Jinjer – Speaking Words of WisdomTuesday, 27th November 2018
There is still something to be said for hard work and dedication when it comes to breaking a band. Jinjer have been absolutely skyrocketing in terms of generating a fan base since the release of 2016’s King of Everything, but it hasn’t been easy for the band. Bassist Eugene Abdiukhanov gave us the lowdown on this factor before the band’s gig in Poughkeepsie NY earlier this month as part of Devildriver’s most recent tour. A band built on giving it their all, there’s plenty to be abuzz about in the Jinjer world, such as the soon to be released Micro EP, tour plans, and even talk of a new full-length record. Something that you can bank on having all the characteristics of Jinjer, but not something that is going to repeat what they’ve already done.
Dead Rhetoric: It seems like you have really blown up here in the States since King of Everything. Are you surprised by the jump in popularity you’ve gained?
Eugene Abdiukhanov: I’m not surprised – none of us really are. It’s simply a result of dedicated hard work. All of the effort and energy that we have put into this, and all the things we’ve sacrificed to move forward. So I don’t think there’s any room for surprise. The more you work, the more you get [from it].

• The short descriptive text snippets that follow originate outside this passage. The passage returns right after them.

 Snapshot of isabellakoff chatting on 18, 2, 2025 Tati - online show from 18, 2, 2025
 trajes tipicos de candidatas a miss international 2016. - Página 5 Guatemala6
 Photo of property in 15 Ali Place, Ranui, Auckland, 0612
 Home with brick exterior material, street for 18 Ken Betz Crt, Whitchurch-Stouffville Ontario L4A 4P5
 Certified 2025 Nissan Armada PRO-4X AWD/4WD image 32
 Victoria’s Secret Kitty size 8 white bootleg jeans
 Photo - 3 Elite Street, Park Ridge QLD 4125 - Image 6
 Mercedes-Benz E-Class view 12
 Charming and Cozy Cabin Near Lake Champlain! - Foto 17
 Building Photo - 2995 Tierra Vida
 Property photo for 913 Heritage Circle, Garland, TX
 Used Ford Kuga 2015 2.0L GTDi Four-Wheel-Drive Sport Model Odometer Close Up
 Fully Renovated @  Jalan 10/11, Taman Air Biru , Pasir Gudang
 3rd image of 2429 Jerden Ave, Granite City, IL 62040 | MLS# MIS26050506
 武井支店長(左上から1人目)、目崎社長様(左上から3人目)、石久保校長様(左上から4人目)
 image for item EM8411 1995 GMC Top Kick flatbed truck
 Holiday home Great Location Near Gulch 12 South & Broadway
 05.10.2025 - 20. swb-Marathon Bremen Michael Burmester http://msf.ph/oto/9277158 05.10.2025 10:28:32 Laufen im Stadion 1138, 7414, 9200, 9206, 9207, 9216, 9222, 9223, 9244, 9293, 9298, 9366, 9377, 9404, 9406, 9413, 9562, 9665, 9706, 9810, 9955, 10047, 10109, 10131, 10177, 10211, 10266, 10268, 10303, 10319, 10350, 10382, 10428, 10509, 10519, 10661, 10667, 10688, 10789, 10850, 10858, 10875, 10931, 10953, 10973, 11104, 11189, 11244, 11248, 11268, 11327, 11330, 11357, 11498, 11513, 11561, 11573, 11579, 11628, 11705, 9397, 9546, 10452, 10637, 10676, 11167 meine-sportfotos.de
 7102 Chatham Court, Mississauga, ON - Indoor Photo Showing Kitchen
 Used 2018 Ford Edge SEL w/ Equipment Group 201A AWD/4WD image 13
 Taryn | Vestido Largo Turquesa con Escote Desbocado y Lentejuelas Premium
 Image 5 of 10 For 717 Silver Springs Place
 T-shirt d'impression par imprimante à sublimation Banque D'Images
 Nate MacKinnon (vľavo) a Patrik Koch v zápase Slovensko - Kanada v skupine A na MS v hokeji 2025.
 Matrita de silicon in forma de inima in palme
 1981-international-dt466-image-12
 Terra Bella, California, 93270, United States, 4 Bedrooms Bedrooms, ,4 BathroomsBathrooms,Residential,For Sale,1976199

Dead Rhetoric: This is your third time in the US, do you think that’s helped in getting your name out there? Trying to gain an audience in the US is sometimes pretty hard for European bands.
Abdiukhanov: It helped – we did a spring tour with Cradle of Filth, then we did a few shows around the Heavy Montreal festival, and now we are back [with Devildriver]. All of these shows help us to get more and more fans, but on the other hand, the first time we came here we had quite a lot of fans in the US. I don’t know why it happened, but over the Internet we managed to build some sort of fan base here. Now it has expanded larger because we have come over and played.
Dead Rhetoric: In terms of the Micro EP, what is the direction that you are going with it? What is the challenge in taking a sound that you have established without pissing people off?
Abdiukhanov: I’m okay with pissing people off. Hopefully this band will never put the idea of pleasing fans above the idea of making things pleasant for ourselves. First of all, we make music for ourselves. The music finds followers and people who like it, outside of this Jinjer band circle, which is awesome. If we make something new and it pissed off someone who used to love our previous works, it’s their problem and not ours. We will not make a song that we don’t like. If we like it, we make it and use it. If someone doesn’t like it, it’s your problem and no one else’s.
In terms of the Micro EP, it was a challenge to make something new and overcome ourselves on the previous record. We cannot make something worse than we already did. At the same time, we need to be us. I’m okay with experimenting and making something new where some people may not like it, but at the same time, it is important to build up your own style and remain yourselves – as a band called Jinjer. We cannot be anybody else.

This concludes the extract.